I’m training a model which started to diverge during the warmup stage of training. I would like to continue training from the last stable checkpoint with a lower learning rate.

I tried passing a new learning rate to TrainingArguments, but the new learning rate is overwritten when the checkpoint is loaded. Currently trainer.train(resume_from_checkpoint='checkpoint') will overwrite the new learning rate with the old learning rate.

How can I resume training from a checkpoint, skip the batches already trained on using the same RNG seed, but also use a lower learning rate? Is this even possible without doing something hacky with the Trainer code?
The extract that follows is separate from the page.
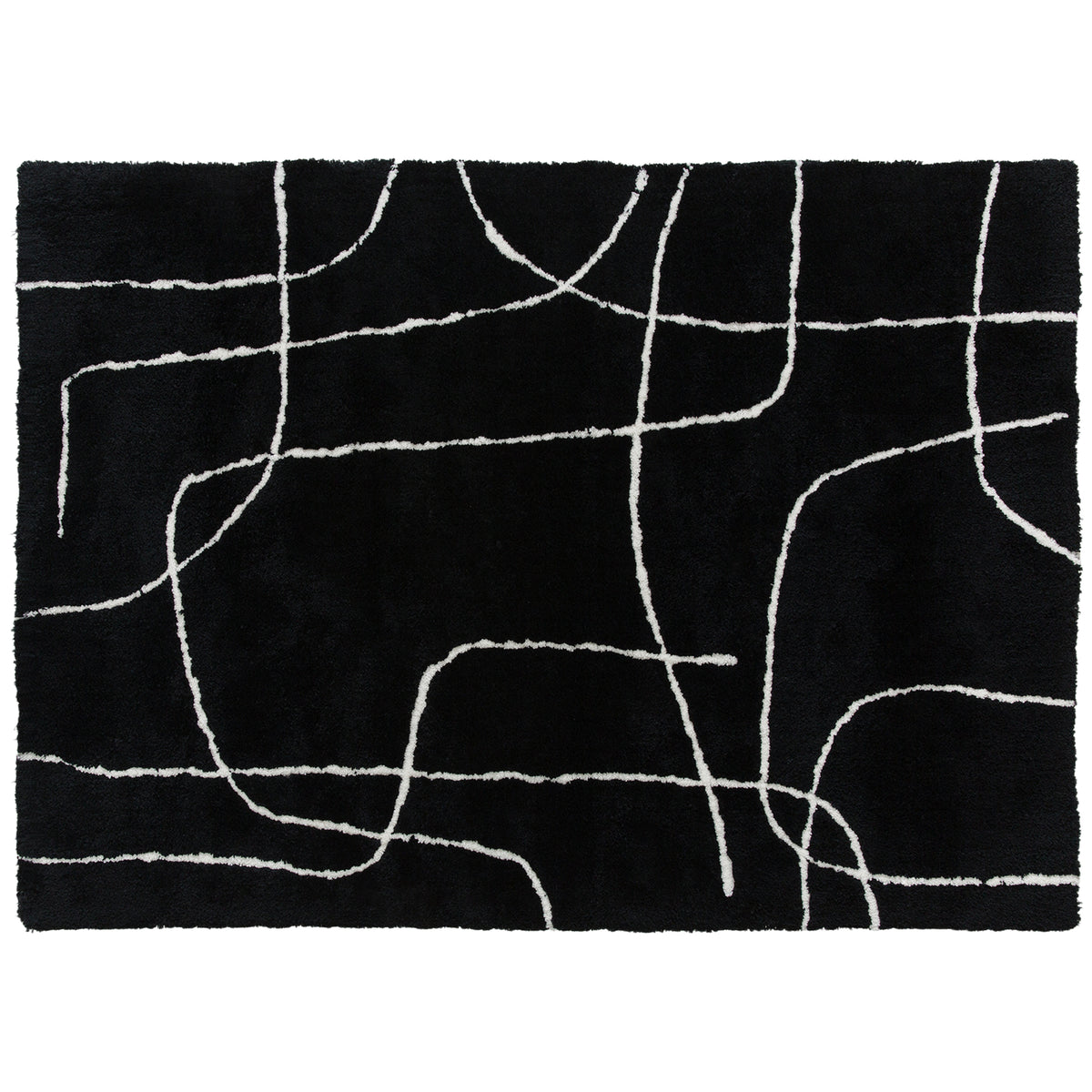 Fynco - Modern Fluffy Area Rug, Geometric Pattern Washable Rug, Soft High Pile Floor Carpet for Living Room, Bedroom, Dining Room, Home Office, 170 x 120 cm, Black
Additionally, I spend a significant amount of time trying to resume training with different hyperparameters before realizing the new params were being overwritten by resume_from_checkpoint. This behavior is not obvious from a user perspective and should be much more explicit.

4 Likes

Same problem, anyone help?

1 Like

Same here. 1k views and no answer yet

1 Like

To resume training from a checkpoint with a lower learning rate while maintaining the same RNG seed and skipping already trained batches, you have a few options:

  1. Modify the checkpoint: Before loading, you could manually edit the checkpoint file to update the learning rate. This approach is somewhat hacky and requires understanding the checkpoint file structure.
  2. Override after loading: Immediately after loading the checkpoint but before resuming training, you could manually override the optimizer’s learning rate. This method is less intrusive but requires careful timing in your code.
  3. Custom checkpoint loading: Implement a custom checkpoint loading function that restores the model state and optimizer state separately, allowing you to modify the learning rate before fully reconstructing the optimizer.
  4. Use a learning rate scheduler: Instead of directly setting a lower learning rate, use a learning rate scheduler that reduces the rate after resuming from the checkpoint.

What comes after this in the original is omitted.